Geetanjali Minhas | September 13, 2014
Bursting at its seams, India’s financial capital is marred by inadequate public infrastructure. Ironically, our municipality (the richest civic body in Asia) and our administrators have not been able to provide the bare minimum facility of toilets for its population, mainly so for women. For a journalist, travelling by public transport or walking down the road, rushing from one place to the other is a routine affair, but lack of public convenience poses a grave problem. Besides unbearable stench, a majority of public toilets do not have doors, taps, water, buckets, ventilation and electricity, making them extremely unhygienic and the women vulnerable to attacks from drug addicts and criminals lurking in the area.

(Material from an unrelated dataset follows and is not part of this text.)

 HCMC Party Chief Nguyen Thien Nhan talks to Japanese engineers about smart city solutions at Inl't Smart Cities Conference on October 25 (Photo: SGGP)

Of Mumbai’s 1.3 crore population, 80 lakh live in slums and depend on community and public toilets. In these slums, women standing in queues with mugs of water outside community toilets are subjected to lewd stares and comments.
An Observer Research Foundation survey on sanitation facilities at Mumbai’s 109 suburban railway stations between December 2009 and January 2010 revealed ignominious shortfall of toilets and their dysfunctional and deplorable condition. Nothing much has changed since. Few functional toilets that are available are either locked or blocked with debris and other building material. The busy Churchgate station has many food stalls next to a stinking public toilet. Most working class women prefer to use office toilets before leaving their workplace or go to a restaurant, five-star hotel and any such place to use a clean washroom whenever possible.
“The Brihanmumbai municipal corporation’s (BMC) own circular says women should not be charged for using toilets, but irrespective of that women are charged '2-5,” says Mumtaz Shaikh of Right to Pee Campaign initiated by Committee of Resource Organisations.
Mumbai has 113 urinals, 5,136 water closets and 61 bathrooms for women, but clearly it is not enough.